The job of the cleaners involves being relentlessly assaulted by the most brutal and disgusting pictures and videos. From child rape to ISIS beheadings, a cleaner must view thousands of disgusting pictures every day and decide which of these they need to remove and why. 

The go-to country for finding an outsourcing company to do this job are the Philippines. One can only speculate that it is the combination of low wage cost together with its “Christian values” of this former Spanish and US colony that has something to do with the Filipinos and Filipinas being considered the most suitable work-force for this task. The cleaners who are recruited are mainly smart though, well educated, young people who are in the front-line of the most popular social media being paid USD 1.--  to USD 2.-- per hour.

The film presents five former “cleaners” who, despite the non-disclosure agreement they have signed with their former employers, articulately explain what they did, why they did it, how it made them feel and what impact performing this task had on them in the long run.

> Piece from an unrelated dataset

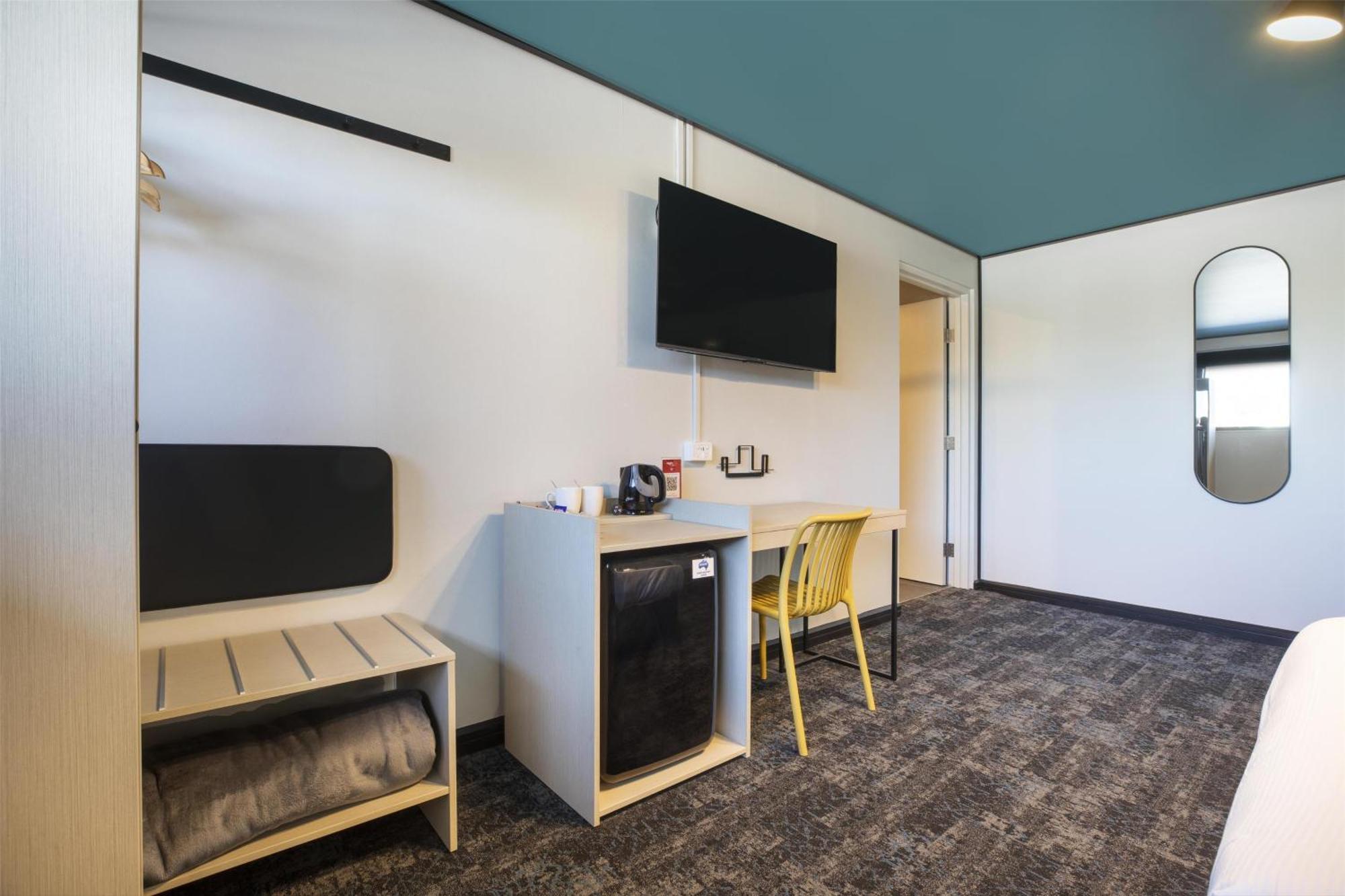 Hotel Nightcap At Of Wales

The social media giants and the outsourcing companies are secretive about the “cleaning” aspect of their operations; therefore, the pioneering work done by Block, Riesewieck and their team to bring to light how this work is performed in the frontline and by whom, is not only a scoop, but also a valuable contribution to the important debates concerning social media, fake news, freedom of expression and its limits. By focusing on the cleaners and their experiences and giving them ample room to present themselves, warts and all, the filmmakers have made a documentary that feels like a psychological drama. This approach makes their documentary interesting for a very wide audience beyond those who are interested in social media. In fact, it shows how ordinary people with whom we can identify and empathise try to cope under extreme conditions. Some of this makes for uncomfortable yet compelling viewing.

Block and Riesewieck have also found former mid-level managers from the social media giants who speak very eloquently and clearly about real live examples of the challenges they faced and how they tried to cope with what often were unprecedented situations. The testimony of Nicole Wong formerly responsible for policy in this area at Google and Twitter lays out the complex issues she was faced with very well.

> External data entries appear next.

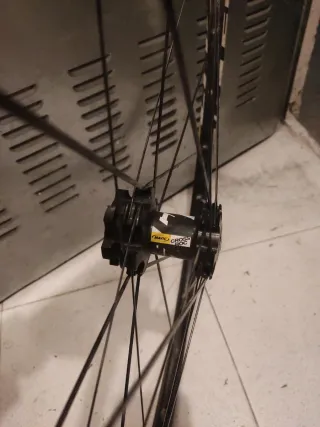 Rueda Mavic Crossroc 29 Lefty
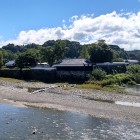 ①	球磨川（大橋）から眺めた人吉城全景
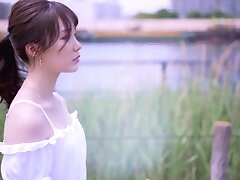 MIDV-207 Hot Public Creampie-Girl Gets Nailed & Squirms Wildly!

Their documentary is least interesting when they show examples of people and cases who generate the posts that the cleaners must deal with, but thankfully this part of the documentary is not overlong. The case for Facebook posts containing hate-speech being mainly responsible for the escalation of the conflict between Buddhists and Rohingyas in Myanmar was not convincingly made,

With The Cleaners, Block and Riesewieck have created a thrilling documentary about the human challenges of a hitherto unexamined part at the frontline of the new media. By not adding a commentary voice, they avoid telling the viewer what to think, thereby making the impact of what the protagonists tell us even stronger and more direct. The research behind the documentary cannot have been easy and is clearly of high quality. The Cleaners is a remarkable first effort and one can hope for more great documentaries from these filmmakers. 

With the rapid development and convergence of new technologies (Artificial Intelligence, picture and film editing tools) the task of the human cleaners may soon be replaced by software while the challenge may soon be overtaken by ever greater manipulative technologies used to appeal to people’s emotions.  Nevertheless, The Cleaners is the timely product of the kind of documentary journalism which should be reinforced and multiplied. Organisations to which film-makers can turn for support (financial, technical, commissioning and more) have a crucial role to play here. Independent Public Broadcasters like the Austrian Broadcasting Corporation ORF and the BBC in the UK have played an important role in making this documentary possible. They and the others are to be congratulated and supported for successfully fulfilling they’re role of critically examining important political, social and economic developments in an accessible and suspenseful way.

The Cleaners is a documentary, that holds the viewer’s full attention, informs you, makes you think and will stay with long after the final credits. Highly recommended.